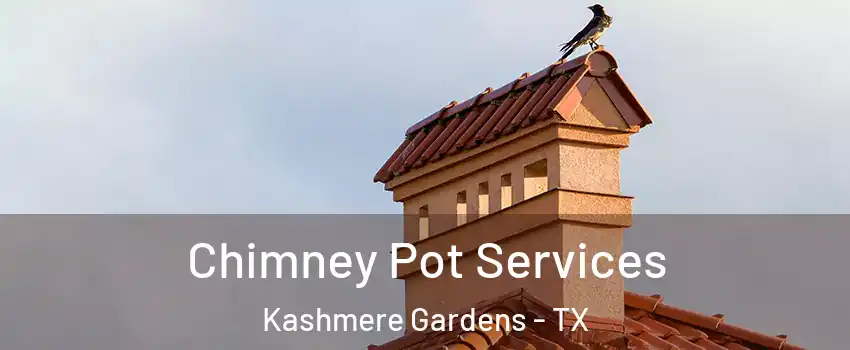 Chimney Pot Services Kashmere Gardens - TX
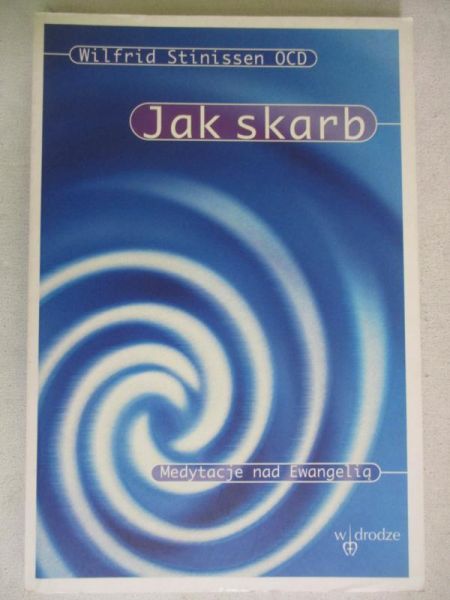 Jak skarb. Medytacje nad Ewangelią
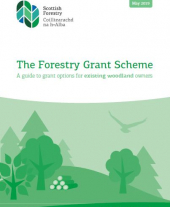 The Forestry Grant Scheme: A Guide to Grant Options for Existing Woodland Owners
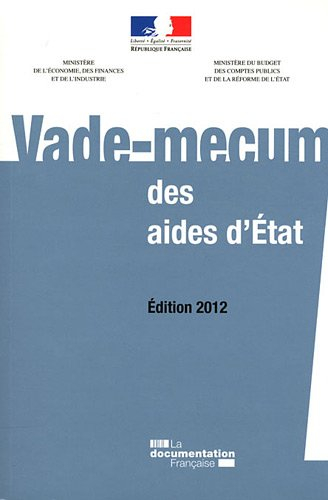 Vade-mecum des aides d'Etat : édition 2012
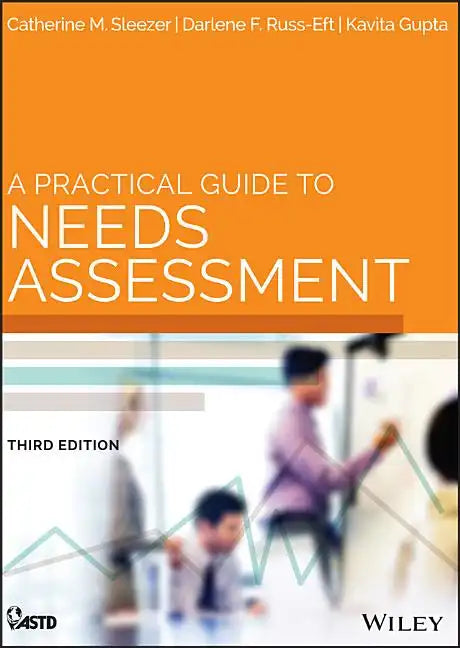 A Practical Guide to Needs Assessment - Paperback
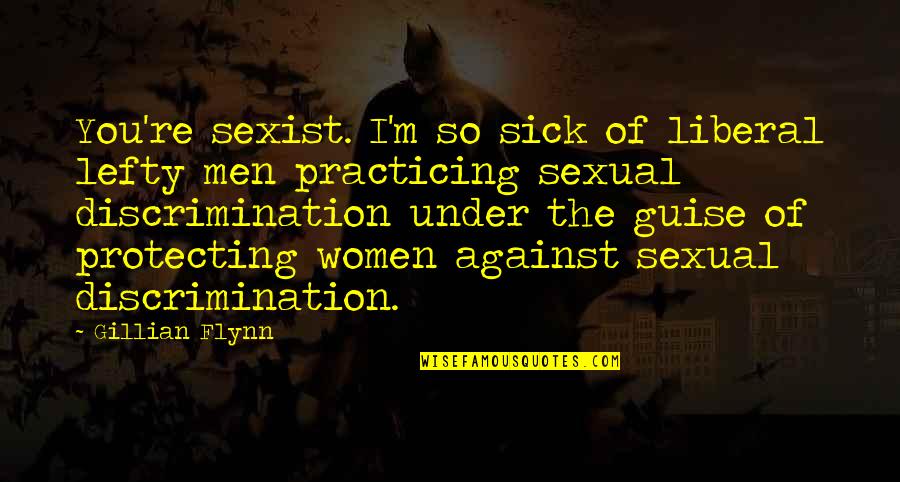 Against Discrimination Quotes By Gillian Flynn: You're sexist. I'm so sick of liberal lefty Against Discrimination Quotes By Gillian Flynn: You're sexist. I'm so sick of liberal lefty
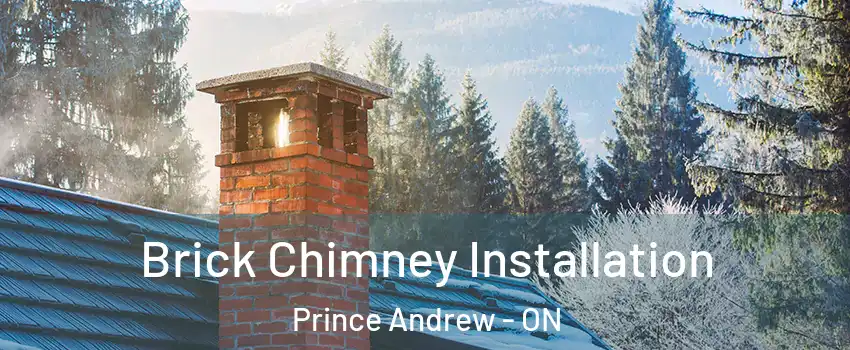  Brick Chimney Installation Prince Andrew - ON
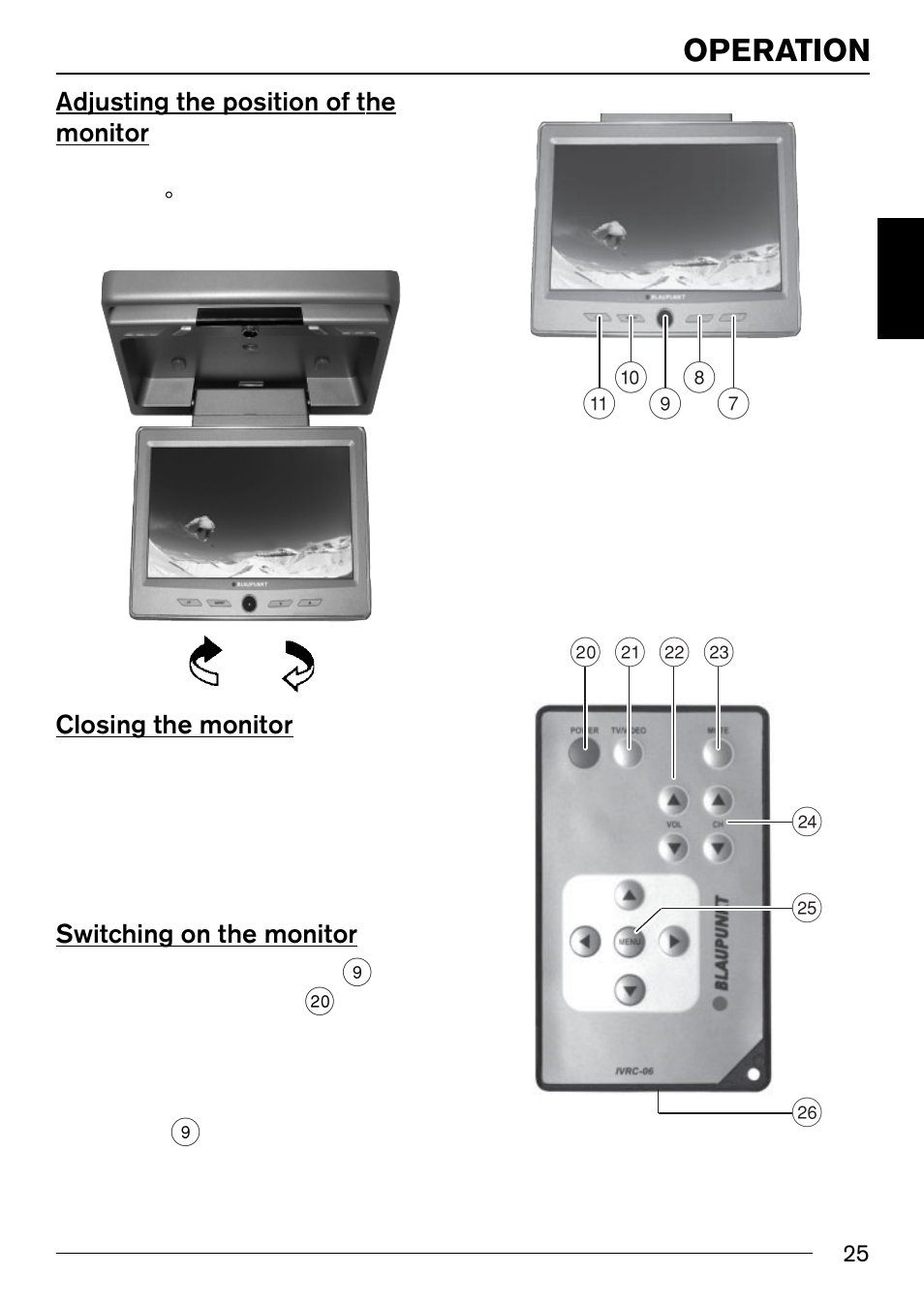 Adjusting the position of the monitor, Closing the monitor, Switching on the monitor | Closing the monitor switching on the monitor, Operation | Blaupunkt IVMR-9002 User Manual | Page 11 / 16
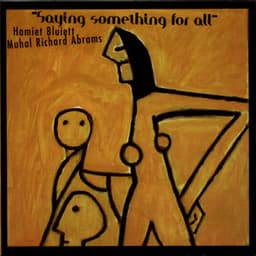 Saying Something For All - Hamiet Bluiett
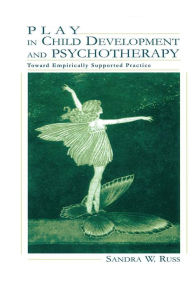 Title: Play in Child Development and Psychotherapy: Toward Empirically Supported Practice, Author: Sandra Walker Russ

—————

• _INSTRUCTIONS FOR THE TASK_
Nothing but the lines from the start of the listing through the line with "Adjusting the position" belongs in the answer, each one retyped exactly and without pictures.

• _REPLY_
 Chimney Pot Services Kashmere Gardens - TX
 Jak skarb. Medytacje nad Ewangelią
 The Forestry Grant Scheme: A Guide to Grant Options for Existing Woodland Owners
 Vade-mecum des aides d'Etat : édition 2012
 A Practical Guide to Needs Assessment - Paperback
 Against Discrimination Quotes By Gillian Flynn: You're sexist. I'm so sick of liberal lefty Against Discrimination Quotes By Gillian Flynn: You're sexist. I'm so sick of liberal lefty
  Brick Chimney Installation Prince Andrew - ON
 Adjusting the position of the monitor, Closing the monitor, Switching on the monitor | Closing the monitor switching on the monitor, Operation | Blaupunkt IVMR-9002 User Manual | Page 11 / 16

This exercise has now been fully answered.